In [None]:
# Table of Contents
 <p><div class="lev1"><a href="# Step 1. Process data"><span class="toc-item-num">1&nbsp;&nbsp;</span>TODO: Following given notebooks in HW1, create table of contents here :) </a></div>

This Jupyter extension might help. https://github.com/minrk/ipython_extensions

# Homework 03 - Interactive Viz

# Overview 

### Objective : Build a [Choropleth map](https://en.wikipedia.org/wiki/Choropleth_map) which shows intuitively how much grant money goes to each Swiss canton.

##### What data do we have?

The SNSF (Swiss National Science Foundation) has graciously provided the [P<sup>3</sup>](http://p3.snf.ch/) database, which contains data on research projects approved by the SNSF. We will just use the [Grants Data](http://p3.snf.ch/P3Export/P3_GrantExport.csv) (saved in `data/P3_GrantExport`) as this contains the grant amounts going to different universities.

We are also given the file `data/ch-cantons.topojson.json`, which contains the geo-coordinates of each Swiss canton.

##### What needs to be done?

The Grants Data does not contain the Canton of the University/Institution that received the funding. Therefore, we will need to deduce the Canton from the University/Institution. Once this is accomplished, we can sum the grant money that was allocated to each Canton.

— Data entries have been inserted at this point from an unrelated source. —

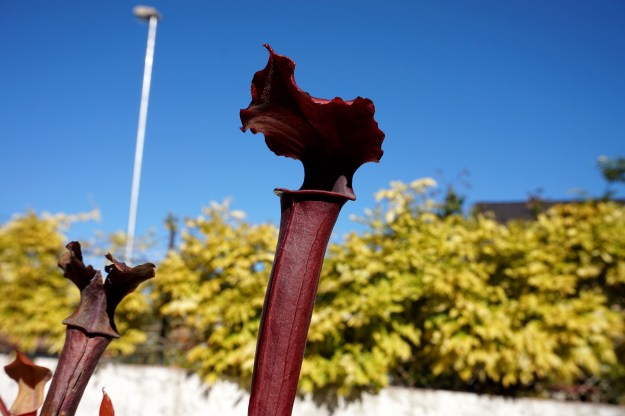 sarracenia adye octobre 2017 (1)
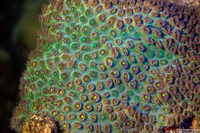 Orbicella faveolata (Mountainous Star Coral)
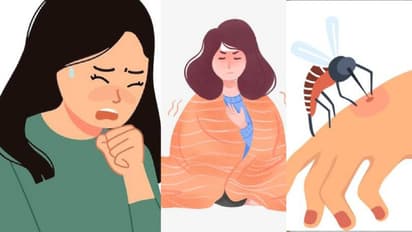 बारिश में डेंगू सहित ये बीमारियां फैलाती हैं खतरा, तुरंत कर लें बचने के उपाय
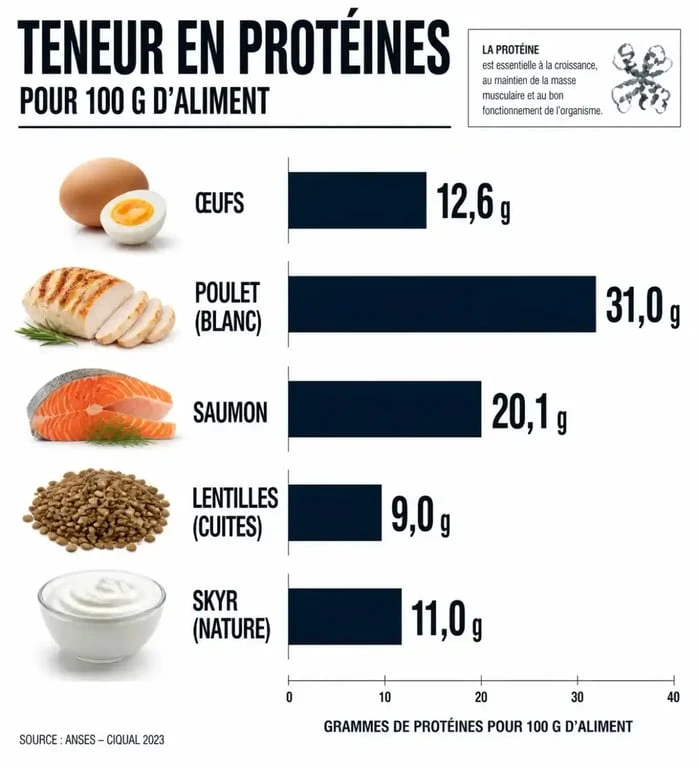 Infographie sur les aliments riches en protéines pour personnes âgées et leurs apports nutritionnels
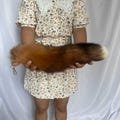 17" Fluffy Big Fox Tails Cosplay Tails Cosplay Fox Tails Natural Fox Tails with Keychains Brown Ombre Cosplay Costume Fox Tails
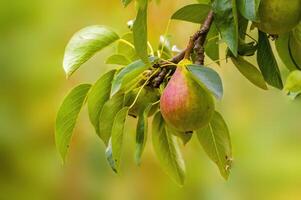 a delicious juicy pear on a tree in the seasonal garden photo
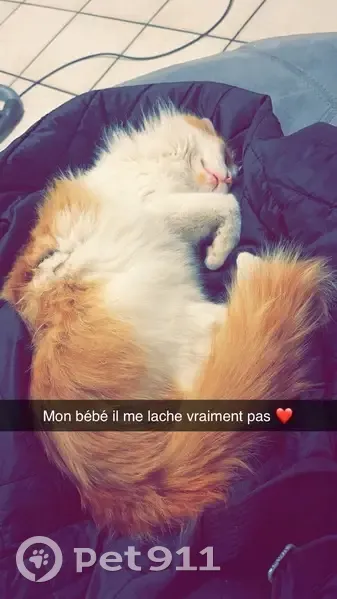 Chat perdu blanc/roux, tache sous museau - photo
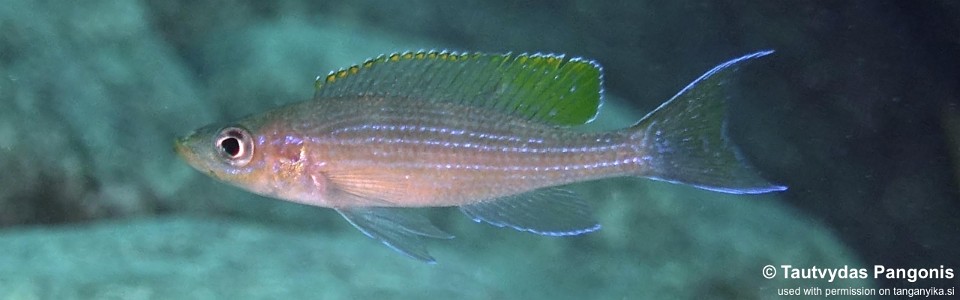 Paracyprichromis brieni 'Ifala Village'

##### How will this be done?

We will use the following Python packages to accomplish our objective:
1. `pandas` to import, clean, and wrangle the Grants Data
2. `json` and `pprint` to read the `data/ch-cantons.topojson.json` file
3. `requests` with the [GeoNames API](http://www.geonames.org/export/web-services.html) and `googlemaps` (a [Python wrapper](https://github.com/googlemaps/google-maps-services-python) for Google Maps API Web Services) to determine the Canton of a particular University/Institution
4. `folium` to deal with the geographical data and create the Choropleth map

# Building the Choropleth Map

We start off by importing the Python packages mentioned above.

In [1]:
import requests
import folium
import pandas as pd
import numpy as np
import json
import random
from pprint import pprint

## 1. Importing the Data

We downloaded the [Grants Data](http://p3.snf.ch/P3Export/P3_GrantExport.csv) and placed it in the local `data` folder.

In [2]:
GRANTS_FILE = 'data/P3_GrantExport.csv'
grants_data_orig = pd.read_csv(GRANTS_FILE, sep = ';')
grants_data_orig.head(3)

Unnamed: 0,"﻿""Project Number""",Project Title,Project Title English,Responsible Applicant,Funding Instrument,Funding Instrument Hierarchy,Institution,University,Discipline Number,Discipline Name,Discipline Name Hierarchy,Start Date,End Date,Approved Amount,Keywords
0,1,Schlussband (Bd. VI) der Jacob Burckhardt-Biog...,,Kaegi Werner,Project funding (Div. I-III),Project funding,,Nicht zuteilbar - NA,10302,Swiss history,Human and Social Sciences;Theology & religious...,01.10.1975,30.09.1976,11619.0,
1,4,Batterie de tests à l'usage des enseignants po...,,Massarenti Léonard,Project funding (Div. I-III),Project funding,Faculté de Psychologie et des Sciences de l'Ed...,Université de Genève - GE,10104,Educational science and Pedagogy,"Human and Social Sciences;Psychology, educatio...",01.10.1975,30.09.1976,41022.0,
2,5,"Kritische Erstausgabe der ""Evidentiae contra D...",,Kommission für das Corpus philosophorum medii ...,Project funding (Div. I-III),Project funding,Kommission für das Corpus philosophorum medii ...,"NPO (Biblioth., Museen, Verwalt.) - NPO",10101,Philosophy,Human and Social Sciences;Linguistics and lite...,01.03.1976,28.02.1985,79732.0,


For our objective, we are interested in the following columns: 

* ** University **: the (possible) university proposing the project. As we see in the third row, a grant can be awarded to an NPO (Non-Profit Organization).
* ** Institution **: the institution proposing the project.
* ** Approved Amount **: amount of approved grants

The Institution/University can be used to deduce the Swiss Canton. Finally, the Amount Approved will be used for our Choropleth map. Let's extract these columns to reduce the size of our DataFrame.

In [3]:
grants_data_red = grants_data_orig[['University', 'Institution', 'Approved Amount']]
grants_data_red.head()

Unnamed: 0,University,Institution,Approved Amount
0,Nicht zuteilbar - NA,,11619.0
1,Université de Genève - GE,Faculté de Psychologie et des Sciences de l'Ed...,41022.0
2,"NPO (Biblioth., Museen, Verwalt.) - NPO",Kommission für das Corpus philosophorum medii ...,79732.0
3,Universität Basel - BS,Abt. Handschriften und Alte Drucke Bibliothek ...,52627.0
4,"NPO (Biblioth., Museen, Verwalt.) - NPO",Schweiz. Thesauruskommission,120042.0


Finally, we will rename the "Approved Amount" column to "Amount" so that it can be easily accessed.

In [4]:
grants_data_red.rename(columns={'Approved Amount': 'Amount'}, inplace=True)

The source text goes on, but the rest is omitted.